Use __set_current_state() instead of current-> state = (take 1)

Use __set_current_state() instead of current-> state = (take 1)

Post by Perez-Gonzalez, Inak » Fri, 20 Dec 2002 02:50:12



Quote:> > In fs/*.c, many functions manually set the task state directly
> > accessing current->state, or with a macro, kind of
> > inconsistently. This patch changes all of them to use
> > [__]set_current_state().

> Some of these should probably be set_current_state().  I
> realize the current code is equivalent to __set_current_state()
> but it might as well be done right.

Agreed; however, I also don't want to introduce unnecessary
bloat, so I need to understand first what cases need it - it
is kind of hard for me.
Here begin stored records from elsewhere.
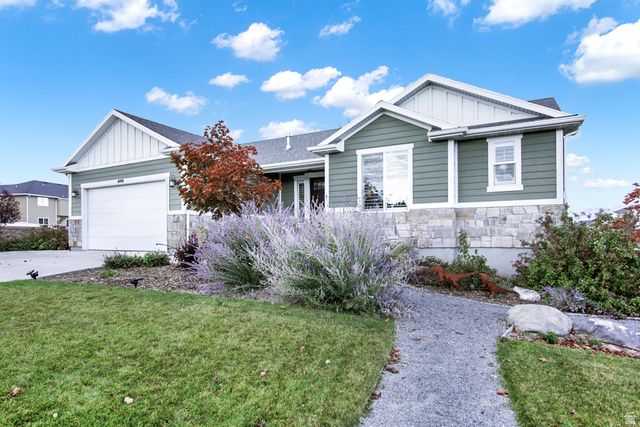 4144 W FOXVIEW DR, South Jordan, UT 84009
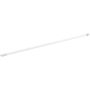 Eglo LED 110128 Ampoule 1x18W/G13/T8/120cm 4000K 2160LM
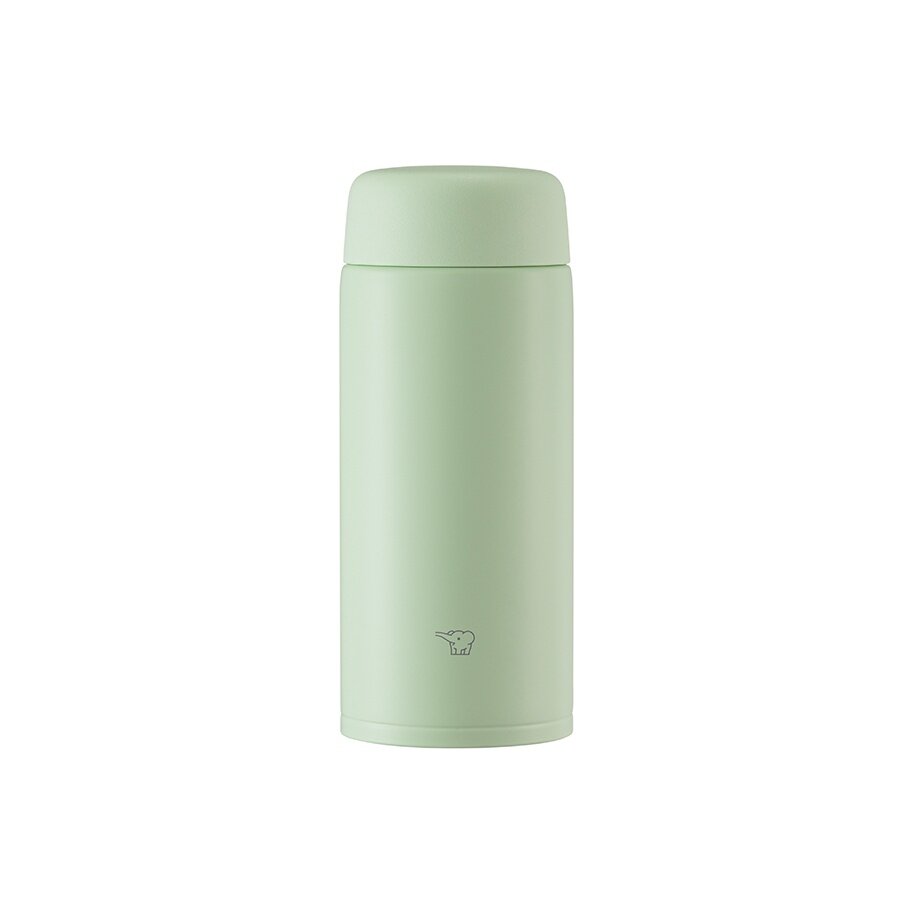 Термокружки ZOJIRUSHI
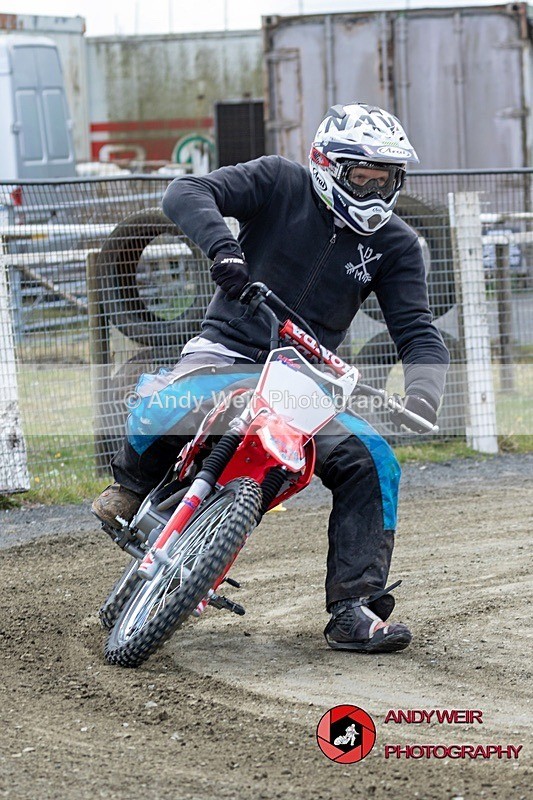 190504-7D-8E0A9517 - Ride & Skid It 04 May 2019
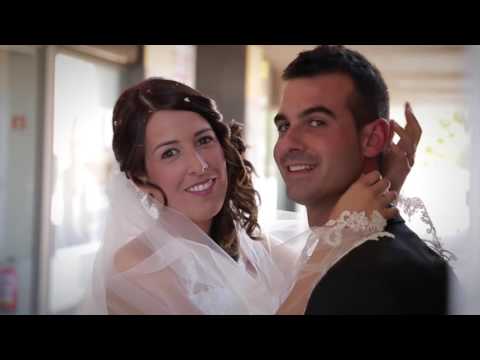 Video Promocional 2017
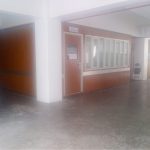 Basement KCU Bpn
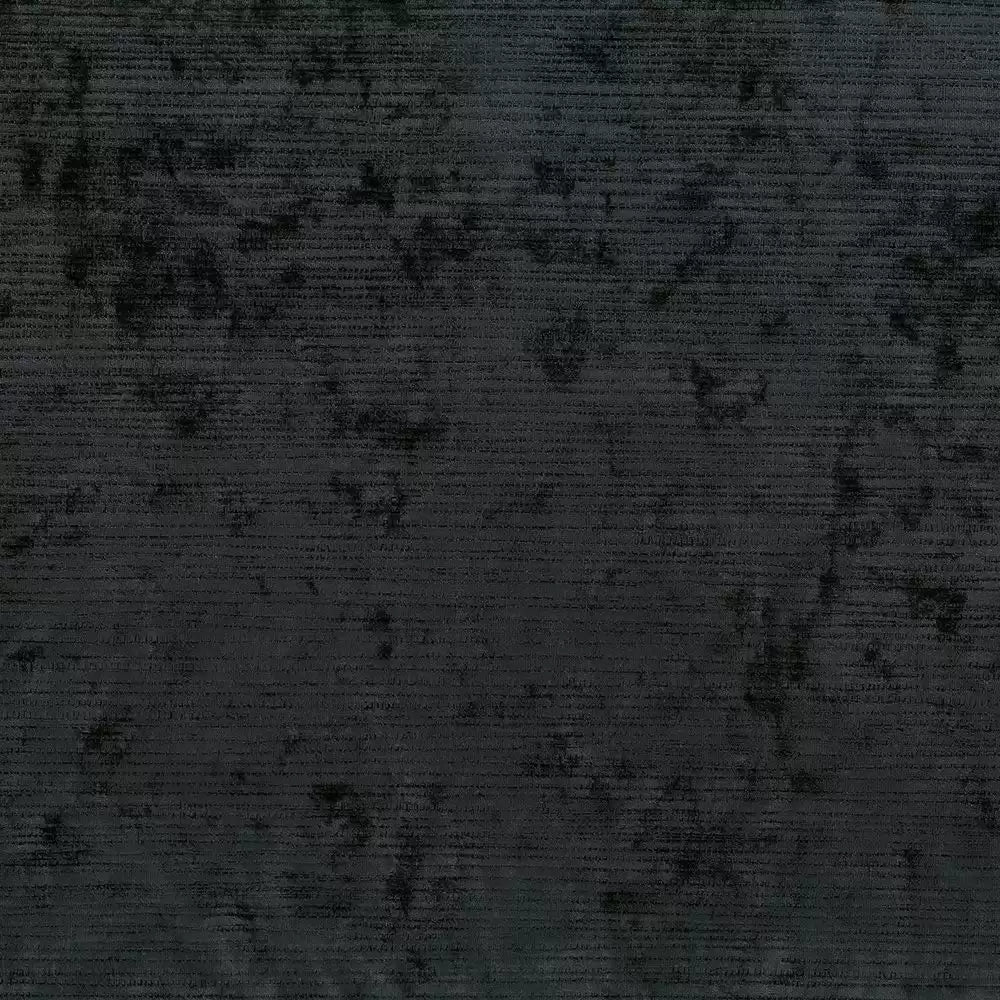 samburu-tembe-charcoal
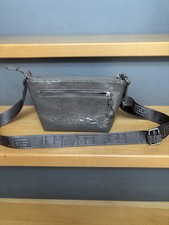 Jost ⭐️ Tasche Bodybag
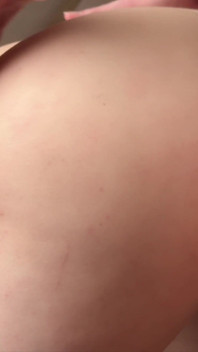 Fuck My Stepsister Roughly in Doggy Style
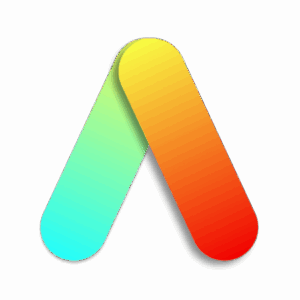 Group logo of IndyDevDan - Tactical Agentic Coding - Private Group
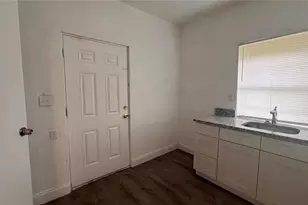 3440 S Nashville Ave, Orlando, FL 32839 - Photo 27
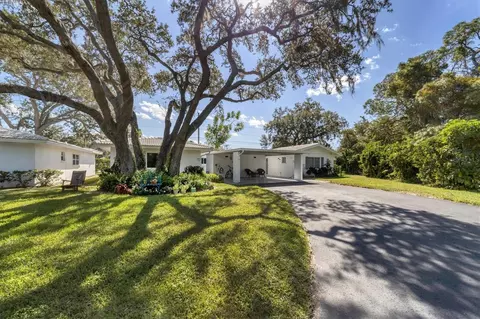 3806 Roxane Blvd #161, Sarasota, FL 34235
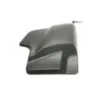 Cache lateral gauche HARLEY DAVIDSON FLTRXS 1870 2018-2019 ROAD GLIDE SPECIAL Cache lateral gauche HARLEY DAVIDSON FLTRXS 1870 2018-2019 ROAD GLIDE SPECIAL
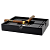 ������ Plasencia - 1865 Alma Fuerte - Sixto II Haxagon (1 ��.)
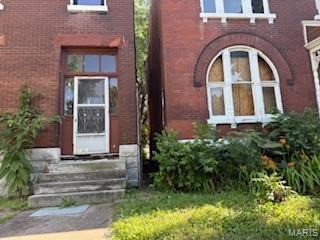 Park Ave, Saint Louis, MO 63104 #1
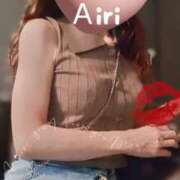 ヒメ日記 2025/07/15 07:47 投稿 木下愛梨 五十路マダム愛されたい熟女たち岡山店（カサブランカグループ）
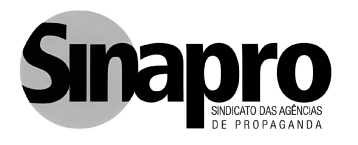 SINAPRO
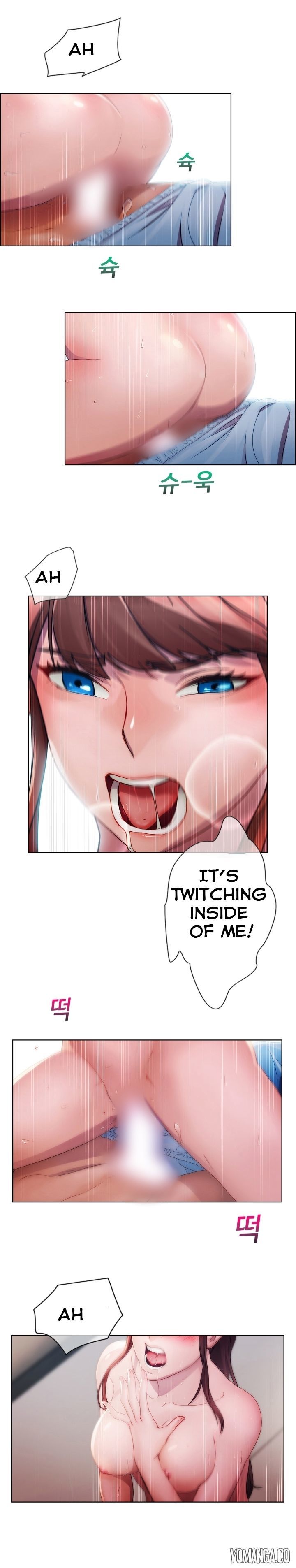 Page 9 of Chapter 1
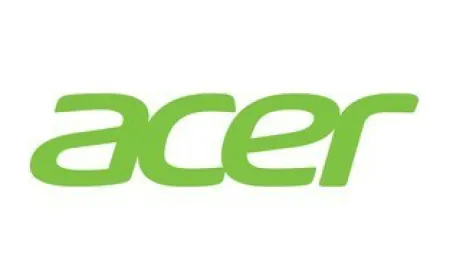 Acer Expands SpatialLabs Pro Ecosystem with Immersive 3D Capabilities Across Multiple Verticals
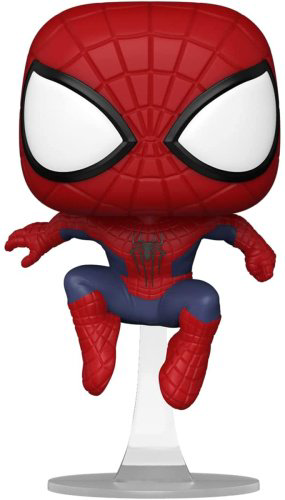 Funko Spider-Man 10 см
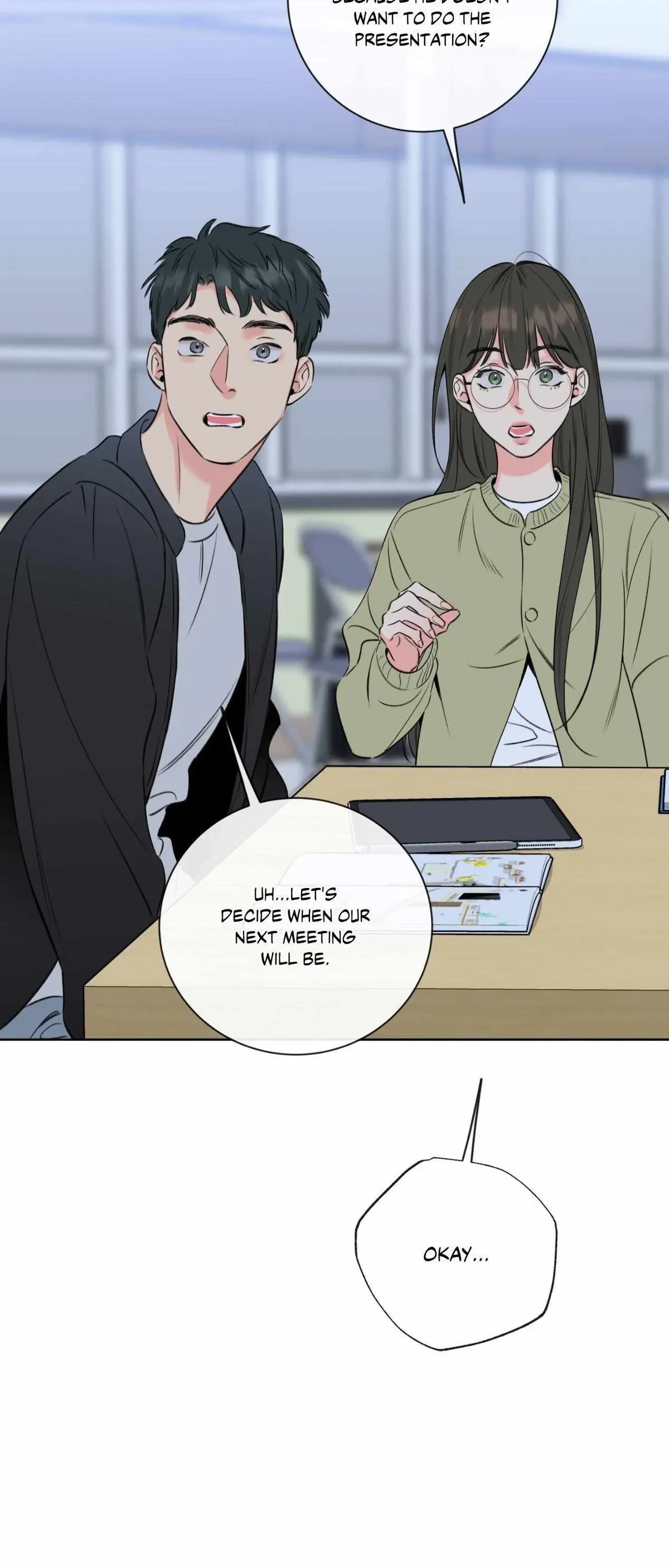 Chapter 37, page 57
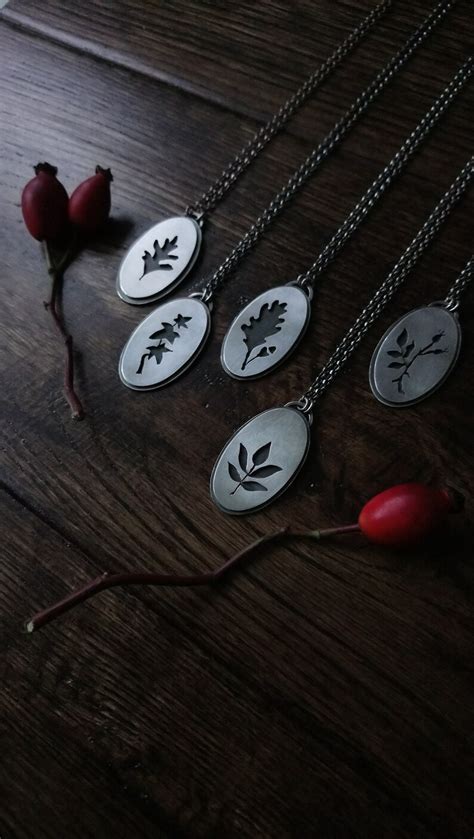 Incorporating Personal Mementos in Your Talisman for Emotional Healing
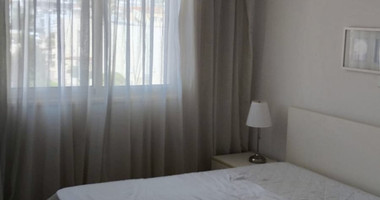 For sale Resort-Style Living at Elysia Park : A Premium 2-Bedroom Opportunity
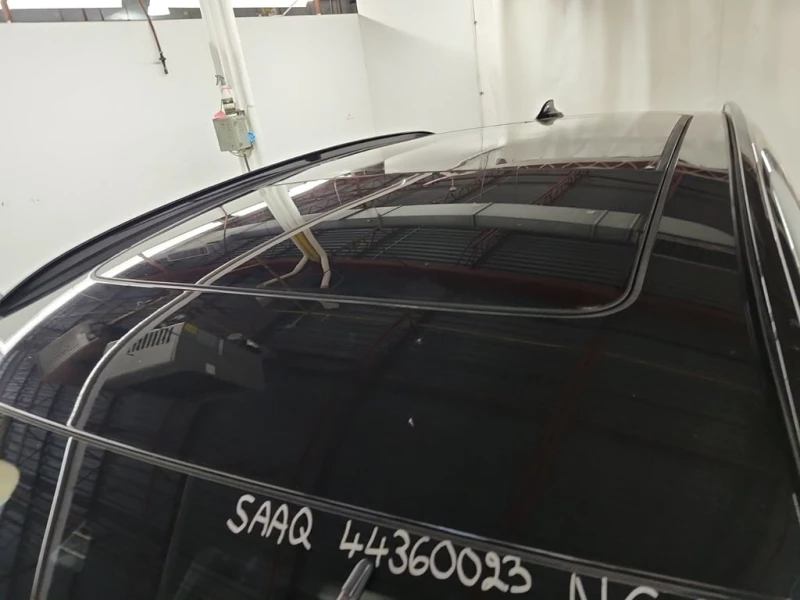 BMW X3 * XDRIVE30I * CARFAX * ЦЕНА ДО БГ, снимка 7 - Автомобили и джипове - 53020066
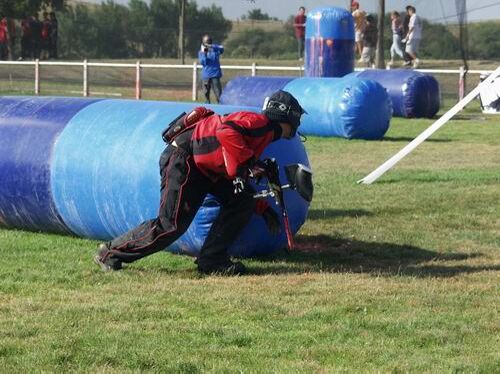 Click to See Next Image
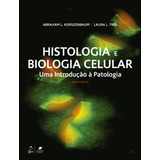 Patologia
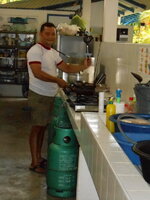 DSCN1644.JPG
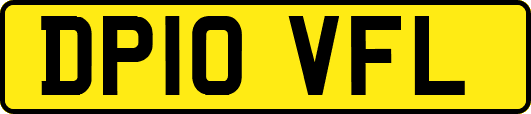 DP10VFL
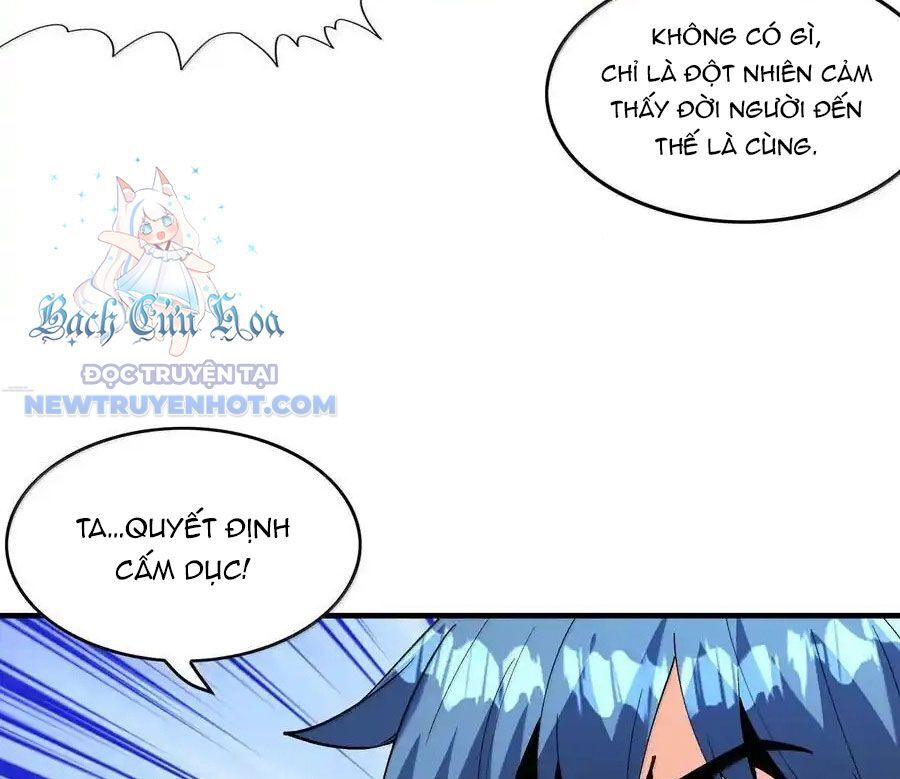 Hậu Cung Của Ta Toàn Là Ma Nữ Phản Diện Chapter 185 - Trang 2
Care to let me know some gotchas?

Quote:> > -     current->state = TASK_INTERRUPTIBLE;
> > +     __set_current_state (TASK_INTERRUPTIBLE);
> >       add_wait_queue(fl_wait, &wait);
> >       if (timeout == 0)

> At least this guy should be set_current_state(), on quick glance.

Is that because it is called lockless? ... grunt, in some areas
is kind of very obscure to guess if it is or not.

Inaky Perez-Gonzalez -- Not speaking for Intel - opinions are my own [or my
fault]

-
To unsubscribe from this list: send the line "unsubscribe linux-kernel" in

More majordomo info at  http://vger.kernel.org/majordomo-info.html
Please read the FAQ at  http://www.tux.org/lkml/

 
 
 

Use __set_current_state() instead of current-> state = (take 1)

Post by Robert Lov » Fri, 20 Dec 2002 03:10:07



> > Some of these should probably be set_current_state().  I
> > realize the current code is equivalent to __set_current_state()
> > but it might as well be done right.

> Agreed; however, I also don't want to introduce unnecessary
> bloat, so I need to understand first what cases need it - it
> is kind of hard for me. Care to let me know some gotchas?

set_current_state() includes a write barrier to ensure the setting of
the state is flushed before any further instructions.  This is to
provide a memory barrier for weak-ordering processors that can and will
rearrange the writes.

Not all processors like those made by your employer are strongly-ordered
:)

Anyhow, the problem is when the setting of the state is set to
TASK_INTERRUPTIBLE or TASK_UNINTERRUPTIBLE.  In those cases, it may be
possible for the state to actually be flushed to memory AFTER the wake
up event has occurred.

So you have code like this:

        __set_current_state(TASK_INTERRUPTIBLE);
        add_waitqueue(...);

but the processor ends up storing the current->state write after the
task is added to the waitqueue.  In between those events, the wake up
event occurs and the task is woken up.  Then the write to current->state
is flushed.  So you end up with:

        add_waitqueue(...);
        interrupt or whatever occurs and wakes up the wait queue
        task is now woken up and running
        current->state = TASK_INTERRUPTIBLE /* BOOM! */

the task is marked sleeping now, but its wait event has already occurred
-- its in for a long sleep...

So to ensure the write is flushed then and there, and that the processor
(or compile, but we do not really worry about it because the call to
add_waitqueue will act as a compiler barrier, for example) does not move
the write to after the potential wake up, we use the write barrier.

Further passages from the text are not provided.